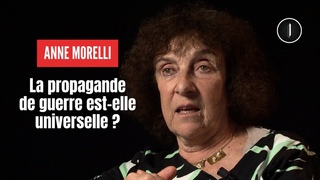Les dix PRINCIPES de la PROPAGANDE de GUERRE (Ukraine, Isral, Yougoslavie...) | Anne Morelli
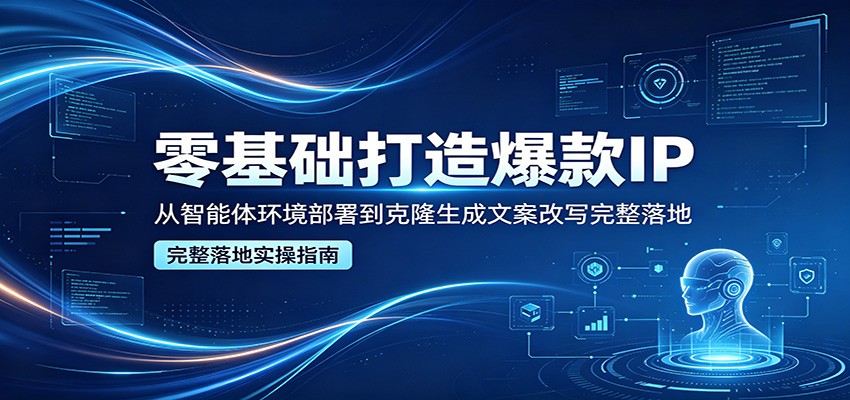 零基础打造爆款IP，从智能体环境部署到克隆生成文案改写完整落地网创项目-知识付费-在线课程-自媒体创业-网络副业-优利资源优利资源网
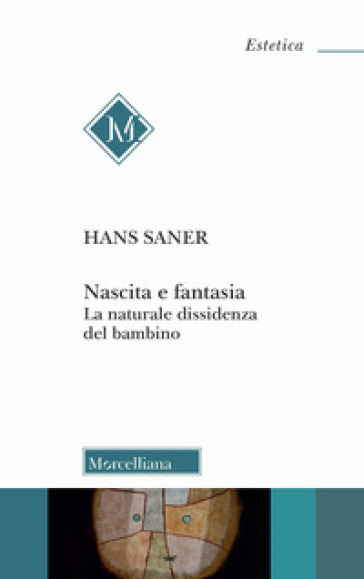 Nascita e fantasia. La naturale dissidenza del bambino - Hans Saner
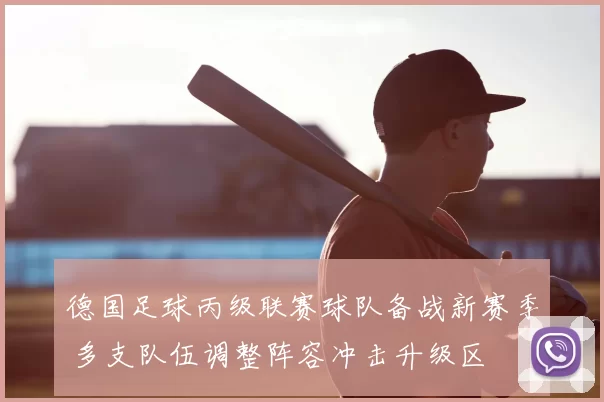 德国足球丙级联赛球队备战新赛季 多支队伍调整阵容冲击升级区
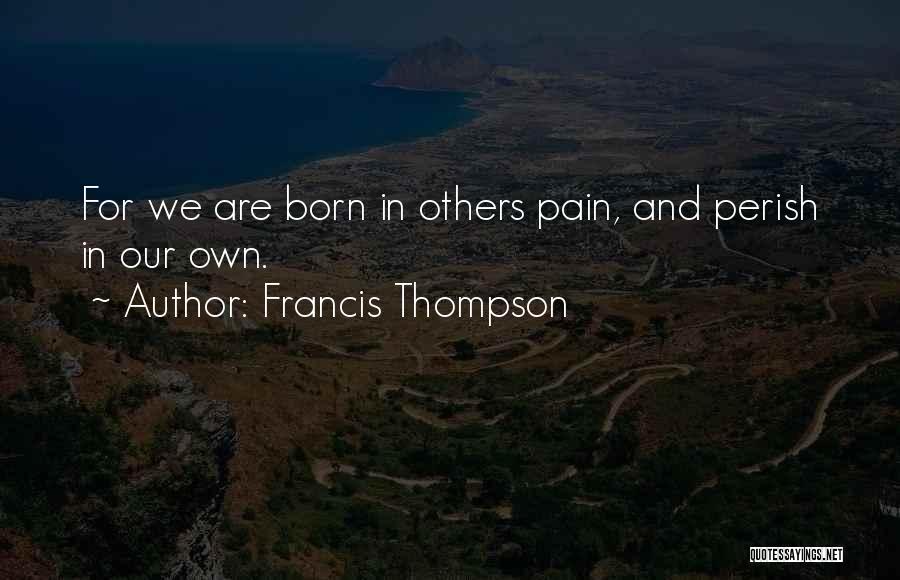Francis Thompson Quotes: For We Are Born In Others Pain, And Perish In Our Own.
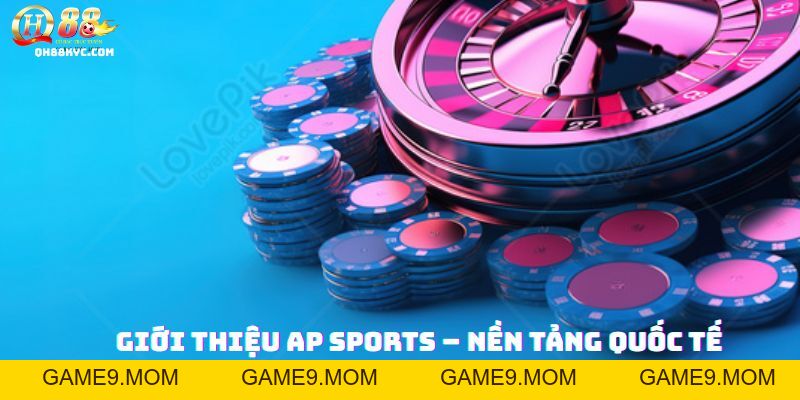 AP Sports – Bùng nổ đam mê thể thao cùng QH88 2026 - GAME9
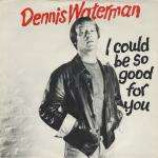 Dennis Waterman & Dennis Waterman Band - I Could Be So Good For You - Vinyl 7 Inch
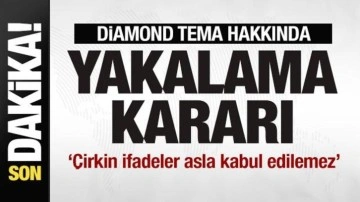 Harekete geçildi! Diamond Tema hakkında yakalama kararı!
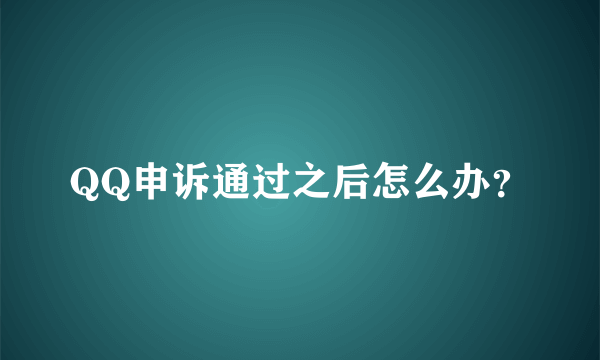 QQ申诉通过之后怎么办？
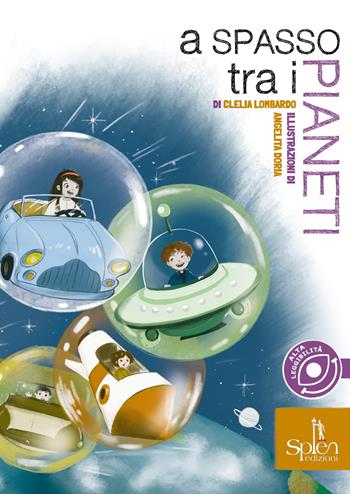 A spasso tra i pianeti - Clelia Lombardo - Libro Splen 2025, Le biglie | Libraccio.it
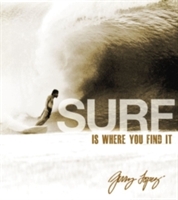 Lopez, G: Surf Is Where You Find It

▬▬▬▬▬▬▬▬▬▬

◆ **Task statement**:
Leaving every picture out, write out exactly the lines from the one that holds "Francis Thompson Quotes: For" through the end of the listing, both included.

◆ **Result**:
Francis Thompson Quotes: For We Are Born In Others Pain, And Perish In Our Own.
 AP Sports – Bùng nổ đam mê thể thao cùng QH88 2026 - GAME9
 Dennis Waterman & Dennis Waterman Band - I Could Be So Good For You - Vinyl 7 Inch
 Harekete geçildi! Diamond Tema hakkında yakalama kararı!
 QQ申诉通过之后怎么办？
 A spasso tra i pianeti - Clelia Lombardo - Libro Splen 2025, Le biglie | Libraccio.it
 Lopez, G: Surf Is Where You Find It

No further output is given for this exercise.